### Source material
══════════════════════════════

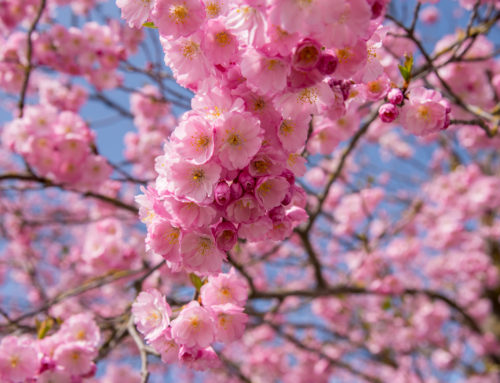 Frühling in der Stadt Wildkirche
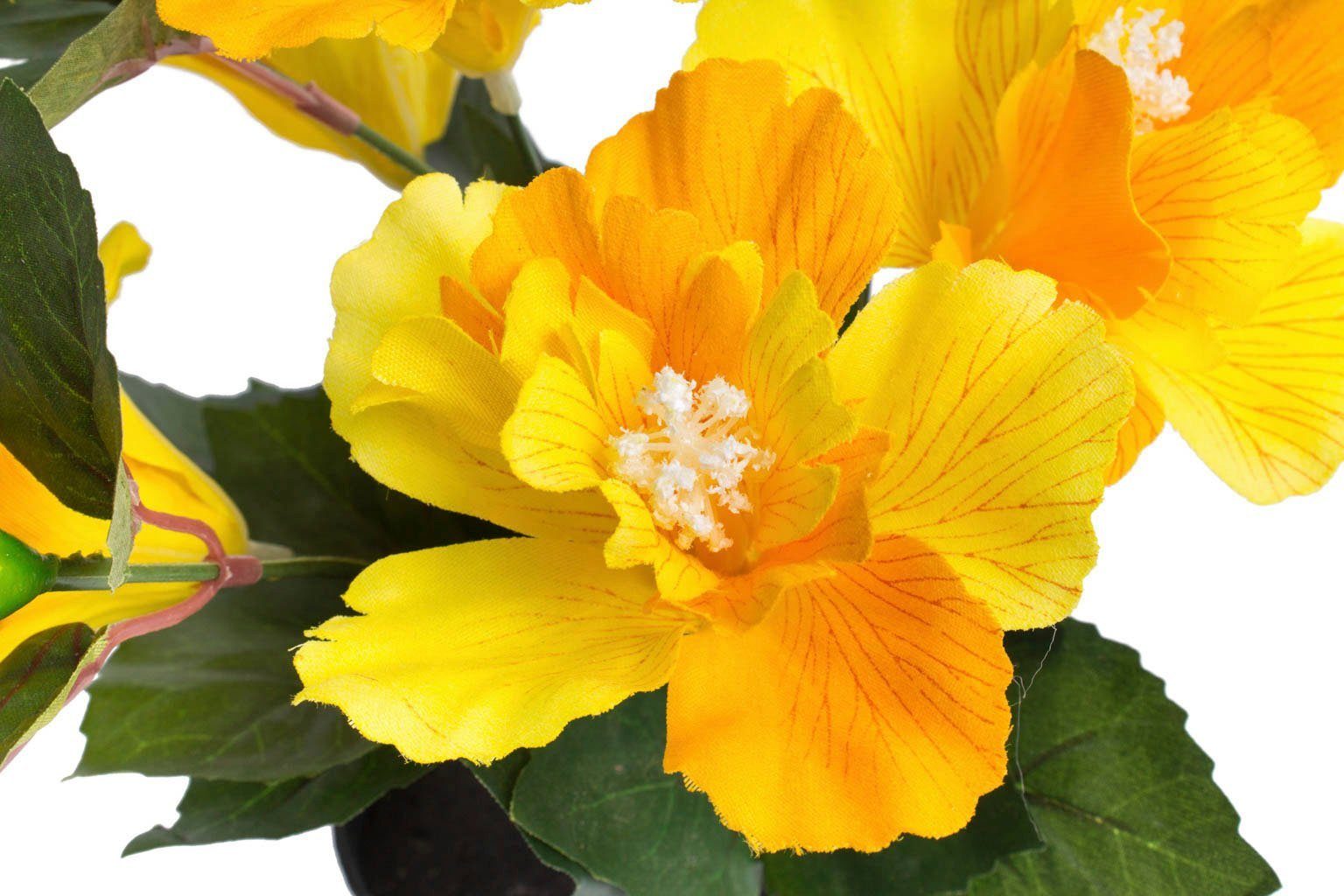 Kunstblume Hibiskus im Topf Hibiskus, Botanic-Haus, Höhe 27 cm – Bild 2 von 2
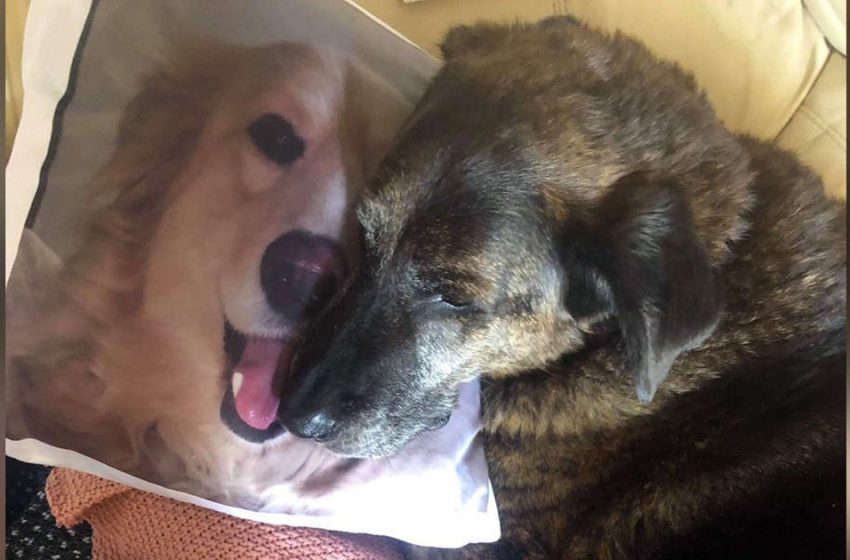  The grieving dog can’t stop cuddling his deceased brother’s pillow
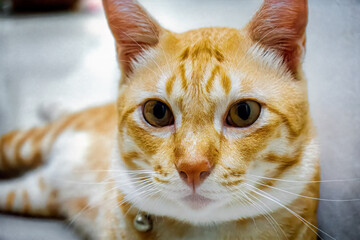 Close-up portrait of an alert orange tabby cat with short fur.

══════════════════════════════

### Aim of the task
Output the data above in full. Skip every picture.

### Worked solution
 Frühling in der Stadt Wildkirche
 Kunstblume Hibiskus im Topf Hibiskus, Botanic-Haus, Höhe 27 cm – Bild 2 von 2
  The grieving dog can’t stop cuddling his deceased brother’s pillow
 Close-up portrait of an alert orange tabby cat with short fur.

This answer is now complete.